Have a look in the show n shine section. Welcome to the TTF


----------



## davelincs (Jan 1, 2010)

Have a look here Daster.viewtopic.php?f=31&t=115683


----------



## Kent61 (Oct 18, 2011)

Daster,
Just done mine this weekend following Dave/Jac-in-a box method...
Really pleased with the results 8) 
I had some water marks where a previous owner had thought it a good idea to store the top down whilst wet...they're all gone. I did give it a good scrubbing with a nail brush though, more than I would've if a mate hadn't been encouraging me that I wouldn't do any damage and he does it on his 996 when ever he reproofs. Honestly I was a little worried looking at it soaking wet and rinsing away the suds...looked a little furry  But once it was dry and the Fabsil (5ltr for just under £24 delivered -WHAT A BARGAIN gotta love internet shopping) was on it looks great.
Thanks for the heads up Dave  The other stickies in 'Show & Shine' are useful too...especially to a tight Yorkshireman like myself :wink: 
Kent


----------



## Jac-in-a-Box (Nov 9, 2002)

Glad you found it useful Kent 

The marks on your hood can be caused by storing in damp/wet, but not always. Can just as easily be caused by the fabric chaffing when folded down...get your self some thick felt or toweling and lay it between the folds, you'll not suffer any marking.

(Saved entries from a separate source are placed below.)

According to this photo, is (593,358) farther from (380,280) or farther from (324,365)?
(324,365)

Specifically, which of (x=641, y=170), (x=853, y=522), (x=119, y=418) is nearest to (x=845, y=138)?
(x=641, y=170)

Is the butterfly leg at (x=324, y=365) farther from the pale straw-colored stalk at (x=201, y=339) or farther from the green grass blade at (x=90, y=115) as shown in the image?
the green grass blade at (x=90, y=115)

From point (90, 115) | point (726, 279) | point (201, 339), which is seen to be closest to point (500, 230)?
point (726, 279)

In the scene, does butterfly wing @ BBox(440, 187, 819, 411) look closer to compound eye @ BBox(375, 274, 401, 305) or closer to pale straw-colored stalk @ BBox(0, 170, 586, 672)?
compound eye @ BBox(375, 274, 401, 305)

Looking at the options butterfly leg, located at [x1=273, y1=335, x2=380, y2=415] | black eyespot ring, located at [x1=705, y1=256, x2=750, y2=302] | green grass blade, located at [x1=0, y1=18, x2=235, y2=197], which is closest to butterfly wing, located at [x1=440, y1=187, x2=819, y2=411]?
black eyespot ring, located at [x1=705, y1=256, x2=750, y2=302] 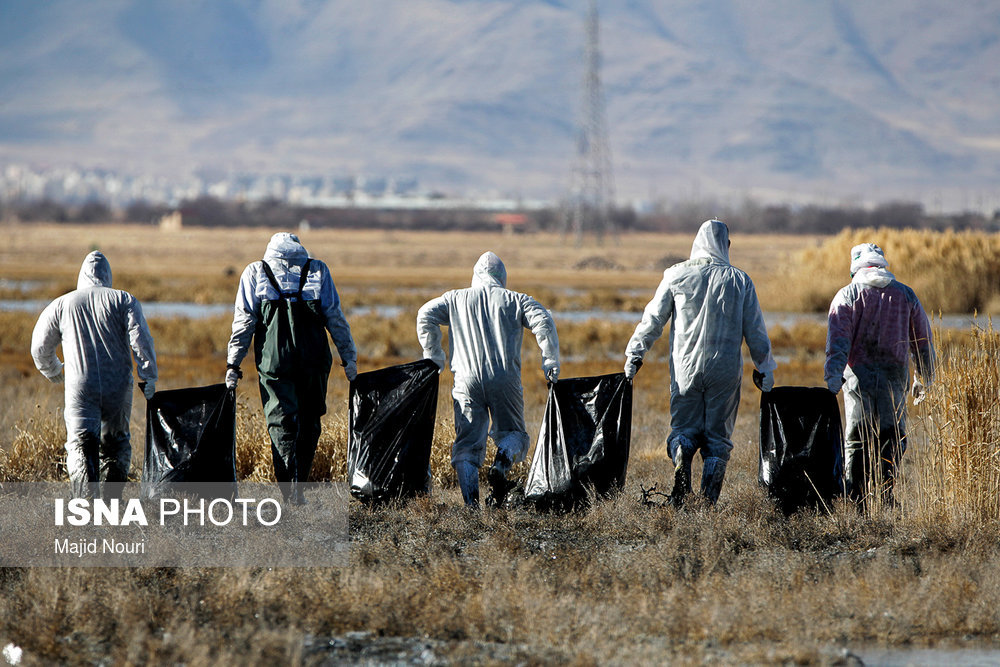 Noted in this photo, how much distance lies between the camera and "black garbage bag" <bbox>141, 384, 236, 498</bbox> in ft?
25.5

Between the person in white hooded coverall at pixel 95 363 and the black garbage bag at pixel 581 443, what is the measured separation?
8.56ft

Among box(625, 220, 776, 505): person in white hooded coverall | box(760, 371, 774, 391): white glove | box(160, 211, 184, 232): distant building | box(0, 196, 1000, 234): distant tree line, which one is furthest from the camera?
box(160, 211, 184, 232): distant building

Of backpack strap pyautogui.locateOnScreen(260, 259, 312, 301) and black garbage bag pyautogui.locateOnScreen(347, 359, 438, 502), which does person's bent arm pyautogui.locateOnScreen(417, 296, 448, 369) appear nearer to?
black garbage bag pyautogui.locateOnScreen(347, 359, 438, 502)

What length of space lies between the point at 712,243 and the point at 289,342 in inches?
110

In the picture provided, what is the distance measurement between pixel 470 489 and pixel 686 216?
109356mm

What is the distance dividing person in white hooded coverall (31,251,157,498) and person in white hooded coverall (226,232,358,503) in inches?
25.6

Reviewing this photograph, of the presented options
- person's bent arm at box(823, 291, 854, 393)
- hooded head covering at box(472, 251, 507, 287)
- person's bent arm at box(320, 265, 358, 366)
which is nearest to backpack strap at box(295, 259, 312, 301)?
person's bent arm at box(320, 265, 358, 366)

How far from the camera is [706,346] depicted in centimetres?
750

You mentioned your friend had a Porsche - they come supplied with the hood "anti-chaff" protector (oval shaped felt) if he's still got t, you'll see what you need :wink:

Dave


----------



## Kent61 (Oct 18, 2011)

Dave,
Thanks for that I'll check the 996 out the next time he's in the country (lives part of the time in China) we detailed the car before he left and we put it into storage...tailor made cover, onto blocks, wheels off da-de-da-de-daaa! You know how anal porsche guys get :wink: oh yeah, heated garage too :roll: 
I'll tell you what I do know the car comes with...a wind deflector that catches your head, even when the seat is in it's lowest position if you're anything over 6'-1" :evil: beautiful car but, horrible driving position, twitchy on the limit and VERY expensive to keep in the condition his is. Me, jealous...ok maybe just a little bit lol
Kent


----------



## Kent61 (Oct 18, 2011)

Daster,
Went out to my car after work yesterday and it had been raining :x 
No golf and the roof had to stay up...that constitutes a VERY bad day for me lol
Anyway, this is the kind of results you'll get following Dave's method. For me it's as good or better than the AG stuff, but as with everything else...it's your money and your choice  
Sorry the pic is so poor I had to tear it down to a size that would post and I'm NOT good with computers  
Kent


----------



## Kent61 (Oct 18, 2011)

Jac-in-a-Box said:


> Glad you found it useful Kent
> 
> The marks on your hood can be caused by storing in damp/wet, but not always. Can just as easily be caused by the fabric chaffing when folded down...get your self some thick felt or toweling and lay it between the folds, you'll not suffer any marking.
> 
> ...


Dave,
I've used a couple of your advice threads in another forum...well links to your posts  I made it clear info was from you. 
My PM facility appears to have been withdrawn or is down for everyone on here???
If you want a link to what I've posted please PM me (if it works for you) or get an Admin to send me your email addy and I'll let you have the link.
Thanks
Kent


----------